And so it was during Charlie's sob-spree that Sarah stepped out from around the Sheetz. No one immediately reacted—myself because I had to play dumb, and everyone else because—well, it was not clear why. The emotion, I guess. Sarah walked slowly until she was standing in front of Sydney, who did not seem to recognize her---or even, really, to acknowledge her presence.
"Sydney," Sarah said.
Still, no reaction. We were the only ones left in the parking lot now. An 18 wheeler drove by but did not stop.
Sydney did not look up, but she spoke:
"I hoped, so many years, you'd find me."
"Find you?"
"I thought I had to hide from you after what I did to you and Charlie. Or maybe I worried you didn't really want me—that you just wanted an excuse to get out of a bad relationship. Proof that something else was possible."
"Sydney—"
"I thought we might meet in the woods or something—somewhere romantic. Of course, since it's you, we met in... some sort of scheme you or your friend concocted."
"She's not my friend," Sarah clarified.
"Of course I'm mad at you—furious—but I've been mad at you before, and I forgave you. And at least I can stop being mad you haven't found me yet."
Sarah was starting to cry. Sydney went on:
"Anyway, now it's me who needs an excuse. Not to get out, but to come home." She looked around at our pitiful gathering. "Let's go, Sarah."
They drove off, one behind the other.

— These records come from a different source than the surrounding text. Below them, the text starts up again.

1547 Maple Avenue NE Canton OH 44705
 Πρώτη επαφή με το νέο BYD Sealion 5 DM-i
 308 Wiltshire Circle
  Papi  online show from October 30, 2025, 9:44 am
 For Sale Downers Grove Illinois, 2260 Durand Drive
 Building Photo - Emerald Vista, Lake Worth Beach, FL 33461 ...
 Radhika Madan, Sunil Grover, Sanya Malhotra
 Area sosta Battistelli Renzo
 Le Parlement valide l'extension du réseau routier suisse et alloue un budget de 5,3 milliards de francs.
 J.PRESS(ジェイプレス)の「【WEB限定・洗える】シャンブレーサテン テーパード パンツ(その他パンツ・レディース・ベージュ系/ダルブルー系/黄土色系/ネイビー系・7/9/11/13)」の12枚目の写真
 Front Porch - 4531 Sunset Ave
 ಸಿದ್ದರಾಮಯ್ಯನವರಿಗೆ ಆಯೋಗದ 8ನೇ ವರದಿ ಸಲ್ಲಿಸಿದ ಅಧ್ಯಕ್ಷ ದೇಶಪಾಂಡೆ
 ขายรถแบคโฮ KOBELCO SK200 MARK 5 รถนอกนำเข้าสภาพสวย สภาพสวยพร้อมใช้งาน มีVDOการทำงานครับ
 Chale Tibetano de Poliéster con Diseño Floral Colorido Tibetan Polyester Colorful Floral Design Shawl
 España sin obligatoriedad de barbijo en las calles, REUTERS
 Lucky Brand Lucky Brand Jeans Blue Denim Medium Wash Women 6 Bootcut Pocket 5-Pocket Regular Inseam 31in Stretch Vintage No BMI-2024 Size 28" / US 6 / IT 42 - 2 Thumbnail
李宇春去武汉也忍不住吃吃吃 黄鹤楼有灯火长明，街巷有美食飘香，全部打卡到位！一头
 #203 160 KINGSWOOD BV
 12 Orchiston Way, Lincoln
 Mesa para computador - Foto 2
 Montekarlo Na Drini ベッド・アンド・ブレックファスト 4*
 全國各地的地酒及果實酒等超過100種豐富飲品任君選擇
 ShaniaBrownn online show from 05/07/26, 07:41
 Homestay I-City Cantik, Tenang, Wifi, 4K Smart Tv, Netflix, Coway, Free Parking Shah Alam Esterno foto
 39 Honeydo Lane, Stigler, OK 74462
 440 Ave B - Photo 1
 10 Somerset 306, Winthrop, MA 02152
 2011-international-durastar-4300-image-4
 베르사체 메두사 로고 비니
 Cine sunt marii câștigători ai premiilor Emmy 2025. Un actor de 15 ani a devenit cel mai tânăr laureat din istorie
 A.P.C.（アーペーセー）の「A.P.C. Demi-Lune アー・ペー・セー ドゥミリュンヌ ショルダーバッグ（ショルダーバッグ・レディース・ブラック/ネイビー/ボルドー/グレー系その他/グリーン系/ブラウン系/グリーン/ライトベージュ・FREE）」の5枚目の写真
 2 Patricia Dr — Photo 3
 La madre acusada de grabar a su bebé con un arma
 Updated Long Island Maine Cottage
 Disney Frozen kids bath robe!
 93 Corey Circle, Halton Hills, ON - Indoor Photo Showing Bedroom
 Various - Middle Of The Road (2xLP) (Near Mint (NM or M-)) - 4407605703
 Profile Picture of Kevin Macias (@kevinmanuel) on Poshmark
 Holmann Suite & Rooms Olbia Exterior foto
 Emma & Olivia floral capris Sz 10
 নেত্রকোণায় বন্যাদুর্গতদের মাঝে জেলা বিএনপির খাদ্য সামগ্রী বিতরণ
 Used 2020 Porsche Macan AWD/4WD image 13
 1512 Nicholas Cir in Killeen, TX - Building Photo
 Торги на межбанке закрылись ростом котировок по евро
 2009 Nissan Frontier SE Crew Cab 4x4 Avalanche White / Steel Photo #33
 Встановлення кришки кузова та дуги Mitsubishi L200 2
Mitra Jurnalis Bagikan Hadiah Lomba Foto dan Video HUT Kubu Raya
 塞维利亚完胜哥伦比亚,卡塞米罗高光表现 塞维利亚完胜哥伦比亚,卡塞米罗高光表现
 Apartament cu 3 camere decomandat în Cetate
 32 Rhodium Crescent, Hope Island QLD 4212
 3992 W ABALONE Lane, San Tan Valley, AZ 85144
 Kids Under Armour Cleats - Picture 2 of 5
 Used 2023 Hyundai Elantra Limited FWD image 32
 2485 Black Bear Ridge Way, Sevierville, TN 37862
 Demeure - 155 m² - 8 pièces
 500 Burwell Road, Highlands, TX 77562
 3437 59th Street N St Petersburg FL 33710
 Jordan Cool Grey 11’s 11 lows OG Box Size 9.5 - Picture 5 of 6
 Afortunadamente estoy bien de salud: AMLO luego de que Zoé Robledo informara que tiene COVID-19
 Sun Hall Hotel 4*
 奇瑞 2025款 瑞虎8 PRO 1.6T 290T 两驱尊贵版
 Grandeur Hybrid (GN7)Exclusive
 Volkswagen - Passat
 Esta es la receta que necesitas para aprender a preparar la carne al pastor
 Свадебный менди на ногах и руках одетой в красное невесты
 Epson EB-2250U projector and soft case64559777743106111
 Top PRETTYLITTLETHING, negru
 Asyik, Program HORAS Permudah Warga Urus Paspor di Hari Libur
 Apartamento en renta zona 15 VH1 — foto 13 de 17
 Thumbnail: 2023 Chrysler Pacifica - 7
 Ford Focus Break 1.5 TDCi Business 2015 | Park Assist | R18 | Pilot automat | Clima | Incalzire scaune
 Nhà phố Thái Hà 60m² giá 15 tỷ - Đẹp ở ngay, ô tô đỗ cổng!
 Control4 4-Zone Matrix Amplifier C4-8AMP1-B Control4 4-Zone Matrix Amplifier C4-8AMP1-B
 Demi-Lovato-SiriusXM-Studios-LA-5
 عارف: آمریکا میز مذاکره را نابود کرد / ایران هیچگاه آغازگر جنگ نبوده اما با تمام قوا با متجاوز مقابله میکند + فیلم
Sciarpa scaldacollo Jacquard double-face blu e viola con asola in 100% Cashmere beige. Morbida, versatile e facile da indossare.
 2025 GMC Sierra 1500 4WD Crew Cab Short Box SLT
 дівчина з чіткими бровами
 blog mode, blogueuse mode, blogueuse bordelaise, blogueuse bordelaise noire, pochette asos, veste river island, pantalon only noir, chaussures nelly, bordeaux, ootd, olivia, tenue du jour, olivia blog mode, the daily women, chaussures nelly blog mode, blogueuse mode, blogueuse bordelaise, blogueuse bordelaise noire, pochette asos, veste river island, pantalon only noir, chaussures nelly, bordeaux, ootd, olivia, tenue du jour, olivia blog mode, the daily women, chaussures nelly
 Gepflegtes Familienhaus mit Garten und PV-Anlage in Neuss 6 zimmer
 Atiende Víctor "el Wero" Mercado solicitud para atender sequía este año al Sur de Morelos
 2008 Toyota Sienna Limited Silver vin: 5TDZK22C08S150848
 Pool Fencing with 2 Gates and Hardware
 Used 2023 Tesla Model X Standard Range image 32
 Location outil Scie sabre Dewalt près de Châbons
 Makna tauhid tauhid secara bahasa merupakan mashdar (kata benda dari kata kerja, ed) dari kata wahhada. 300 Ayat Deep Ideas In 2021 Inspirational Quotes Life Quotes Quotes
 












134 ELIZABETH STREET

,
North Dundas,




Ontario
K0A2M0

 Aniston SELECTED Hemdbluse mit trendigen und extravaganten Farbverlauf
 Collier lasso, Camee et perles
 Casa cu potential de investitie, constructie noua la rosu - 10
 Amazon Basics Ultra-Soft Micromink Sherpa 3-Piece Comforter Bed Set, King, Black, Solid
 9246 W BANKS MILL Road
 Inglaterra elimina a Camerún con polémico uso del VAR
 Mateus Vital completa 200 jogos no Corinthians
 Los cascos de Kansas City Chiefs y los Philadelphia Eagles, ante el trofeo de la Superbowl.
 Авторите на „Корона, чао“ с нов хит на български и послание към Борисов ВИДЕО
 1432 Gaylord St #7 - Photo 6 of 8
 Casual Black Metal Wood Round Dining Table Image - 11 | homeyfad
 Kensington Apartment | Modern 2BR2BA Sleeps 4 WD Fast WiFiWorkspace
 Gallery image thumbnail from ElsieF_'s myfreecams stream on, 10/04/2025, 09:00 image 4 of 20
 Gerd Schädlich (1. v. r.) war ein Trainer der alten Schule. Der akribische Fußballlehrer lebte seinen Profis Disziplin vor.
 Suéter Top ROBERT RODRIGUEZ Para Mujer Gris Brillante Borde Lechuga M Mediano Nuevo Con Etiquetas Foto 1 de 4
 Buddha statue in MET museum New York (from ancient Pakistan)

It was just me and Charlie in the parking lot. He'd stopped crying and was sort of sitting dejectedly on a parking barrier. I walked over to him.
"You won," he said. "I don't know what game you were playing, but you won it. Take whatever prize you want."
"Charlie," I said, "you really think I won?"
"Obviously," he responded.
"And you know if you ever try to pull any funny tricks on me again, I'll get you even worse, and there's nothing you can do about it?"
"Yeah..." he agreed, gazing into the sky to the west that still held a dark blue light from the now gone sunset.
"Then follow me," I said, stepping over to my car (which did not in fact have a bad tire). "I know a great spot we can go behind the quarry."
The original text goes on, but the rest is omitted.